1. ¿Qué tal va en mi vida religiosa de cada día, en la que no hay ciertamente ningún «enemigo» declarado, el amor a quienes no me son simpáticos y me resultan «cordialmente» antipáticos? ¿Cómo me comporto con quienes me quieren mal y me plantean una dificultad tras otra? ¿Soy bueno también con quienes me ofenden y calumnian? ¿Les hago el bien? ¿Los amo? ¿No les hago ningún mal? ¿No les devuelvo mal por mal? Si tomo en serio el seguimiento de Cristo, todas estas preguntas tienen gravedad e importancia. Deberíamos reflexionar con franqueza sobre ellas una y otra vez, pues nuestra vida debe ser «guardar el santo Evangelio de nuestro Señor Jesucristo» (2 R 1,1; cf. 1 R 22,41).

 

2. ¿Por qué me altero cuando sufro una injusticia? ¿Lo hago simplemente porque han ofendido mi orgullo y herido mi vanidad? ¿O me lleno de tristeza a causa de la injusticia que se ha cometido contra Dios y su amor? Aquí es, en verdad, muy importante el discernimiento de espíritus. ¿Se desahoga en mi indignación el espíritu del propio yo, o me guía el Espíritu del Señor, pendiente del amor de Dios? A fin de cuentas, en todo esto se trata de una pregunta muy sencilla: ¿Quién prevalece en tales situaciones, yo o Dios? Se manifestará que es Dios quien prevalece si, en vez de hablar y murmurar, rezo y llevo ante Dios la dificultad e indigencia de la vida cristiana del prójimo. Si yo, en vez de juzgar y condenar al otro, viviese de acuerdo con el amor de Dios, le brindaría al prójimo una auténtica ayuda. ¡Confiemos y recomendemos al pecador al amor misericordioso de Dios! ¡Tal vez fuera bueno en dichos casos pensar en el antiguo proverbio: «Cuando veas pecar a otros, esfuérzate tú por ser mejor»! ¡Cuánto se ganaría entonces para el Reino de Dios!

 

Nuestra agitación y enojo por las faltas de los demás tiene con frecuencia también otra raíz, a la que se presta poca atención: «Hay hombres que por nada se irritan tanto como por las faltas y pecados de los demás. En el fondo, se escandalizan simplemente porque los demás hacen en realidad lo que quisieran hacer ellos mismos». No es, pues, ningún enojo por el amor de Dios, sino sólo un volverse sobre el propio yo.

 

3. A las preguntas aquí planteadas, añadamos en nuestra reflexión la exhortación de nuestro Padre: «Y deben evitar airarse y conturbarse por el pecado que alguno comete, porque la ira y la conturbación son impedimento en ellos y en los otros para la caridad» (2 R 7,3).

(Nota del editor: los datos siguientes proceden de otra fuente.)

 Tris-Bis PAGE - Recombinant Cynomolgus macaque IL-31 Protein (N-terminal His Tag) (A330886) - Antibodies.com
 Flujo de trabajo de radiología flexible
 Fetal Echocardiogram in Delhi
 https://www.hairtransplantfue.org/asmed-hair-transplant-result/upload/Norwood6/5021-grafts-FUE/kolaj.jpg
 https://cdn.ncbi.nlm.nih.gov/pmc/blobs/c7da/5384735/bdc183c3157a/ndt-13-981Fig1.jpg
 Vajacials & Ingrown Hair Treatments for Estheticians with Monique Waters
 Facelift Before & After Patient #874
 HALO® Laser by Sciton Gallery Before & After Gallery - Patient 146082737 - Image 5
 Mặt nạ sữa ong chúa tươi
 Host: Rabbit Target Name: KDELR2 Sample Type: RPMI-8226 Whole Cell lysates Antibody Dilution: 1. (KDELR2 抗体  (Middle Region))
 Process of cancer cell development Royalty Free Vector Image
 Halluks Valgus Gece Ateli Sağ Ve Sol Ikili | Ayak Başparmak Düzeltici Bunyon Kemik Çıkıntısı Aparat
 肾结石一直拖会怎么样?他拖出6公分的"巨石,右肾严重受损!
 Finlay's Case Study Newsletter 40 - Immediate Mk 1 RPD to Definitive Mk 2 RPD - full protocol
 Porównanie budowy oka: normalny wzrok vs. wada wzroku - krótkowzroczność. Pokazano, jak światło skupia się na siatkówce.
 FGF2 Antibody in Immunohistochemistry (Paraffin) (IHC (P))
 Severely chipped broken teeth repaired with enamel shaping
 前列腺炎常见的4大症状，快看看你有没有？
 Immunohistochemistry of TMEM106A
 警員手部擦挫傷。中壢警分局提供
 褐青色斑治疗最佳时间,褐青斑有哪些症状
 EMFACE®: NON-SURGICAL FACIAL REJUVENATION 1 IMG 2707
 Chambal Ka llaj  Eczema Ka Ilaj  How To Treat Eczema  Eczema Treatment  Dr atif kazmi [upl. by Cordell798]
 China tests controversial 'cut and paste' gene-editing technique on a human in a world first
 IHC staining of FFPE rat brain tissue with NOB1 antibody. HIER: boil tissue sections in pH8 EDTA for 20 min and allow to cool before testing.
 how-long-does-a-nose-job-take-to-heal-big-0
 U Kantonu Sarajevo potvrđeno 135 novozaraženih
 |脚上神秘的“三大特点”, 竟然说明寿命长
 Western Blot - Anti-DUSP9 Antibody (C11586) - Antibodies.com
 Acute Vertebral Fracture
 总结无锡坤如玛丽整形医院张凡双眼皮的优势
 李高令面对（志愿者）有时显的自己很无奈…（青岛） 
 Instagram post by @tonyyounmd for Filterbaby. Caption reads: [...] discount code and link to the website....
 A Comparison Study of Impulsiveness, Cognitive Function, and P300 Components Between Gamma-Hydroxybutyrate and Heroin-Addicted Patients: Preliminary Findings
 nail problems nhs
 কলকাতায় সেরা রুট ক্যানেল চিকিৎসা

La ira y la conturbación son signos del egoísmo e imposibilitan, en quien a ellas sucumbe, mostrar su amor con obras y devolver así al pecador al amor de Dios. En cambio, quien permanece en todo y a pesar de todo en el amor de Dios, y es misericordioso «como vuestro Padre es misericordioso» (Lc 6,36), encuentra de verdad por el amor de Dios el auténtico amor cristiano a los enemigos.

 

4. Todo esto supone, no obstante, que yo, como auténtico pobre, no quiera nada para mí mismo. Cuanto menos hagamos valer en beneficio propio nuestros derechos y exigencias, tanto más seremos instrumentos puros y dóciles del amor de Dios. También aquí se nos revela la bendición de la primera bienaventuranza: «Bienaventurados los pobres de espíritu, porque de ellos es el Reino de los Cielos» (Mt 5,3).